While it is true that many of Leonardo da Vinci's most famous works are abroad (think the Louvre), Italy retains an astonishing "collection" of his genius. Unrivalled works of art, but also technological inventions that would make today's tech geniuses pale.  But also architecture and sculptures, treaties of anatomy and on the most disparate fields of general knowledge.


In Tuscany where he was born

Born in Vinci in 1452, Leonardo was sent young to Florence in the workshop of Verrocchio, a forge of art talents, where he learned pictorial and sculptural techniques and theories.
His first certain work dated and signed in 1473 is the drawing ''Paesaggio con Fiume'' (Landscape with river) now exposed in the Cabinet of drawings and prints of the Uffizi. Still, at the Uffizi you can see many of his works including the famous Annunciazione, of which there is a second smaller version preserved in the Louvre and the unfinished Adoration of the Magi. But Tuscany celebrates its great genius also, or above all, in Vinci. Start with a visit to the Leonardo Museum, which focuses attention on its inventions, including war machines, instruments, and revolving cranes.  Continue your tour to discover the works of contemporary art that the village has dedicated to him. Like the Piazza Dei Guidi designed by Mimmo Paladino.
Keep going and, after three kilometres, you'll find Anchiano, Leonardo's birthplace. Here a life-size Leonardo hologram meets visitors, telling images, memories and landscapes of his life between Vinci and Florence.


Florence, panoramic view


In Milan, where he spent most of his life

Leonardo's relationship with Milan was long and productive: he spent 17 years at the court of Ludovico il Moro.
It is not for nothing that the Museum of Science and Technology is named after him. And any tour of Leonardo should start here.
The museum houses dozens of Leonardo's machines whose sketch versions are contained in many of the treaties preserved at the Pinacoteca Ambrosiana, another cult place for fans of the Tuscan genius.
Another Milanese stop is the Cenacolo Vinciano. A visit to the Last Supper is a must for anyone walking in the city but needs to be booked well in advance.
But the Leonardo genius is also made of architecture and great works. So much so that many often attribute to Leonardo the design of Milan's water canals.

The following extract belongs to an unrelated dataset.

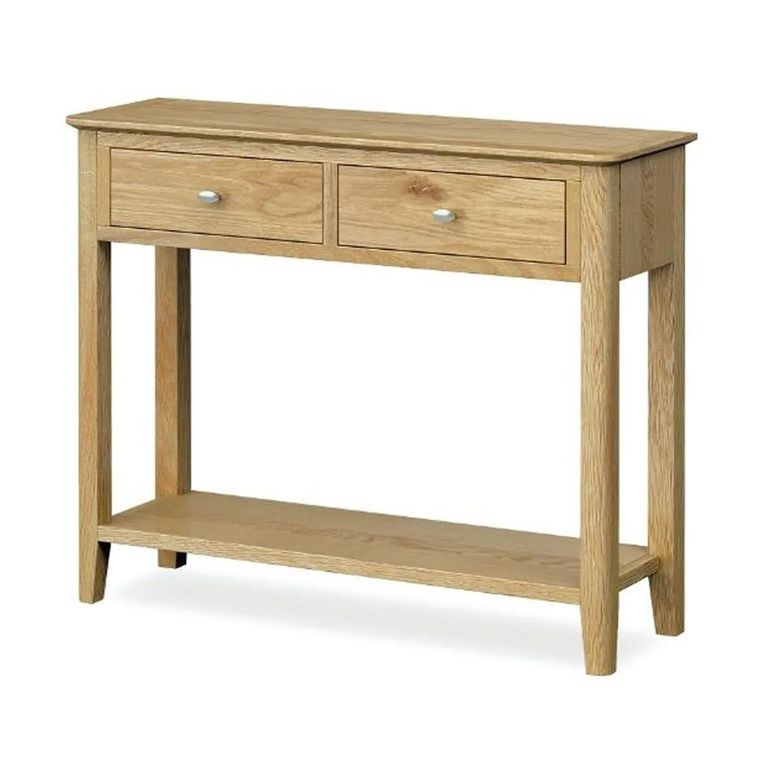 Bath Console Table - 2 Drawer - Oak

Milan Cathedral from the Square
In reality, the canal system has much older origins, but it is certain that between 1506 and 1513 da Vinci studied the San Marco basin for a long time to find the way to connect the Martesana Canal with a system of locks and channels.
His project was beautiful: connecting the river Adda with the Ticino in an extraordinary system of canals.
But this was not the only one unfinished project. Famous is the story of the bronze statue of Leonardo's horse that Ludovico il Moro commissioned him, but which was never completed except in a partial version today exposed at the entrance of the Hippodrome.

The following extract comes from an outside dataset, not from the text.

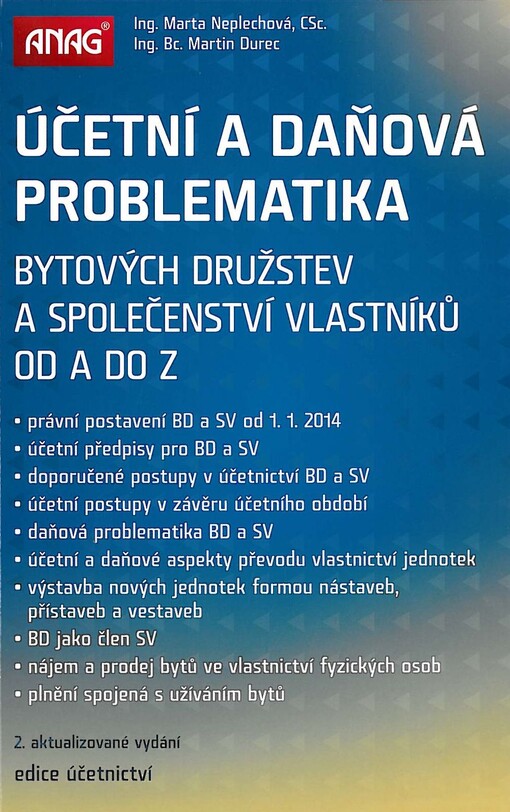 Účetní a daňová problematika - Martin Durec, Marta Neplechová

We find many traces of Leonardo's passage also in Vigevano and surroundings (province of Pavia).
The permanence of Leonardo in these areas is well documented and the evidence of his cultural heritage are many. Starting from the stable of the Castello Sforzesco, the covered and the elevated roads. And then there is the Piazza Ducale that, undeniably, recalls Leonardo's drawings of the ideal city.  
The water mill of Mora Bassa dell'Est Sesia, a fifteenth-century residence and meeting place between Ludovico il Moro and Cecilia Gallerani (the Lady with the Ermine), today hosts a permanent exhibition on Leonardo's machines.
And at the castle of Vigevano is another Leonardo museum. An interactive institution that proposes a journey through life and the works of the Tuscan genius.

In the Vatican City

The Papal Basilica of St. Peter in the Vatican
One of the most intriguing works for its complexity and attention to anatomy is found instead at the Vatican Art Gallery. This is the oil painting of San Girolamo il Penitente (St Jerome in the Wilderness). Dating around 1480 and, as many works by Leonardo, this also is not finished, but it contains in itself many of the characteristics later developed by Leonardo. From the details of the body to the surrounding landscape.